In tal senso, Gaudino chiama Valeria Golino a ricoprire un ruolo apparentemente simile a quello sostenuto dall'attrice ne La guerra di Mario, di Antonio Capuano: madre alle prese con una realtà familiare difficile e figli che tendono a fare da ago della bilancia degli equilibri di casa. La performance però è rovesciata di segno: lì l'attrice partenopea sembrava l'unica in grado di afferrare l'instabile energia della dimensione infantile (e dunque fantastica) della realtà interiore, veicolandola nei modi più costruttivi; qui, al contrario, il personaggio di Anna appare preda del movimento centrifugo che, dall'alveo familiare, si espande a questo mondo in perenne oscillazione fra realismo e sua rappresentazione.
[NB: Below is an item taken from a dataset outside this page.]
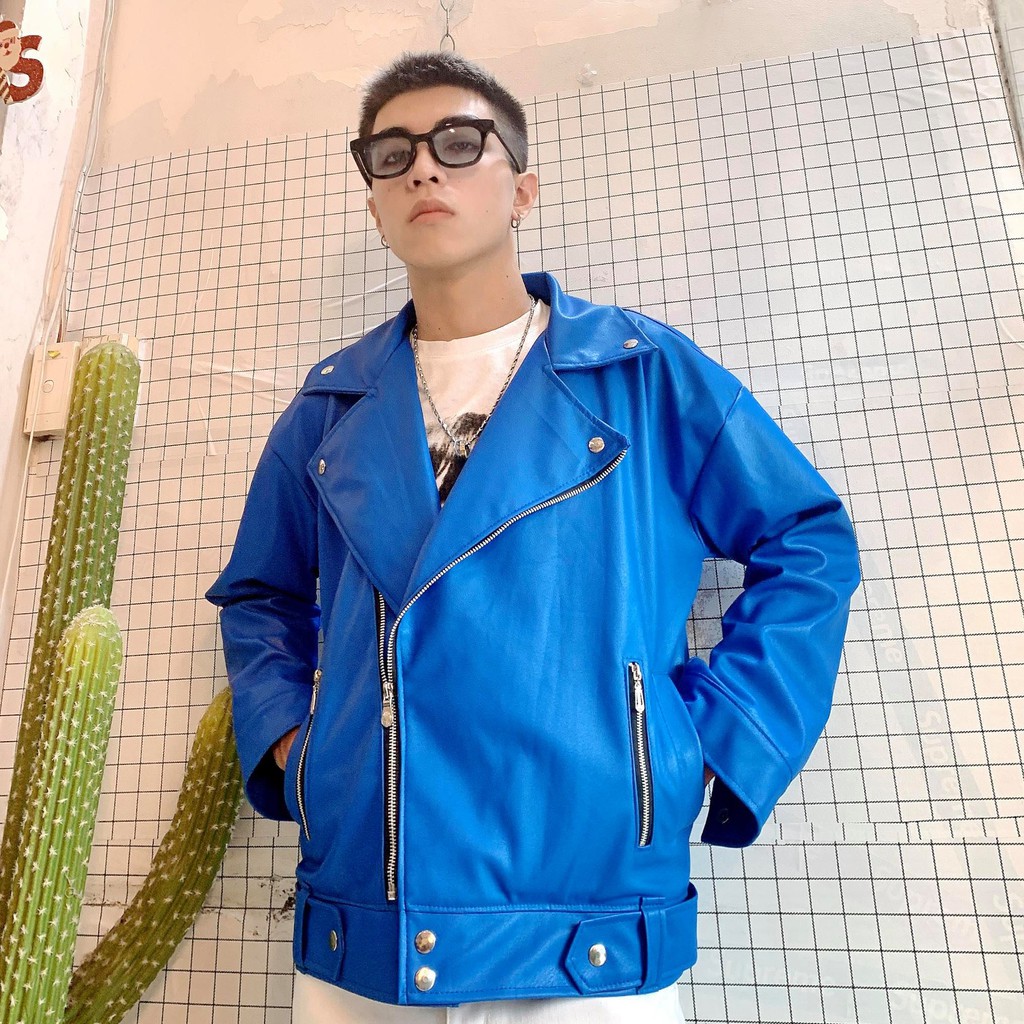AÓ KHOÁC DA JACKET BIKER chẩt chơi nhiều màu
Di qui, in caduta libera, Per amor vostro ci offre una realtà stratificata in cui i meccanismi narrativi si intrecciano sul modello fornito da un personaggio che è unico eppure molteplice: moglie, madre, lavoratrice, amante (perché a Napoli nulla è unico, tutto è contemporaneamente anche altro), ma soprattutto martire di una visione personale, inseguita con una pervicacia che è anche perenne voglia di fuga da una realtà apparentemente immobile su quanto è sedimentato (problemi, Storia, tradizioni, valori). Un viaggio di libertà, forse anche ingenuo e velleitario, tra visioni d'infanzia e la necessità di sbarcare il lunario, badare a un figlio non udente e sopportare le angherie del marito.
L'aspetto più interessante di questa confusione fra i vari livelli percettivi è la loro ricaduta sulla struttura linguistica del film, che si apre generosamente a ogni possibile contaminazione, diventando serbatoio di memorie tipiche della tradizione napoletana (ci sono le canzoni neo-melodiche e la sceneggiata, solo per citare due esempi), ma anche racconto di generi più universali: un po' thriller, con le torsioni narrative del segmento finale; un po' storia d'amore contrastata dai doveri del tetto coniugale; un po' racconto larvatamente pasoliniano di una “Mamma Napoli” che ha fatto non a caso gridare ai paragoni con Anna Magnani. E un po' anche qualcosa che rompa il circolo vizioso della memoria immobile: una sorta di nuova via di fuga, fra il fumetto e la cultura del modellare la cartapesta, per la scelta delle divisioni in capitoli, per la divertita contaminazione fra il bianconero dominante nell'inquadratura e gli inserti a colori, in un gusto pindarico della manipolazione dell'immagine che però riverbera sempre il piacere artigianale del fare. Per questo la visualità appare a volte schiettamente rozza; c'è un gusto nell'affastellare i toni e le iconografie che sopravanza la precisione stilistica e la perfezione dell'effetto.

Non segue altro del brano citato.